Yea, some people are disappointed; some of the more interesting and exciting moments in physics are when we find out we're wrong, but not always. E.g. I will never forget the time and place I heard about the preliminary detection of primordial B-modes by BICEP (which turned out to be dust contamination) -- that was a predicted detection from canonical inflation models, as the Higgs was a standard prediction from the standard model (also a pretty exciting moment).
Not seeing something when we "expect" to not see anything (from the perspective of certain models) might be more boring, but it's definitely not a "waste" (again speaking purely from a physicist's standpoint).

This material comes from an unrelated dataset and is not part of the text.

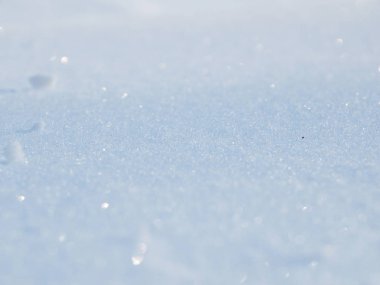 Kar. Güzel arka plan. Rus kışı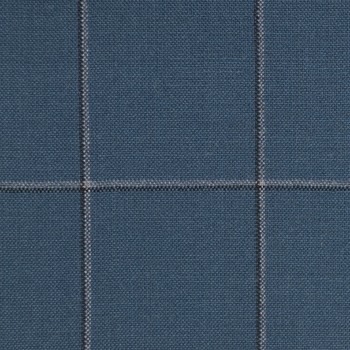 Postal Blue and Grey Windowpane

We know the standard model is incomplete, but where and how are not well known. Not seeing evidence for new physics rules out certain models, and places upper/lower limits on others. It's progress either way.
Some do I'm sure. However if we see something unexpected and it turns out to be true that means our ideas of physics are fundamentally wrong. While it is long term good to correct our understanding, in the mean time a lot of the real world depends on us being right, and so until we correct the theory who knows what will work. I'd hate to find our margin of safety on nuclear bombs was too small and it is only luck that they haven't all blown up in their silos over the years.

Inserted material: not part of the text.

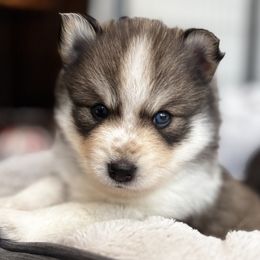 Georgia - Tri-color female Pomsky puppy in Plano, Texas from Bowtique Pomskies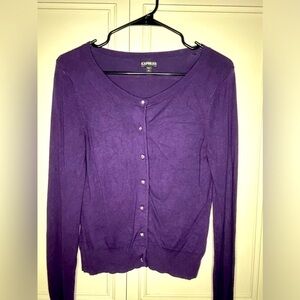 Express Small Purple Sweater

The quantum mechanics approach is to get a good idea about what happens for everything under a certain energy level.
They keep building bigger machines to fill out the parts that don't have a definition yet.
Anything that specifies what happens at the next band of energy levels is a success, whether it yields new particles, or rules them out at that energy level.
There's some destination of approaching the most energy dense states like describing the mechanics that were active during the big bang period
Hossenfelder has a lot of... unique takes in the physics world, I don't think she should be used as a general barometer of the field.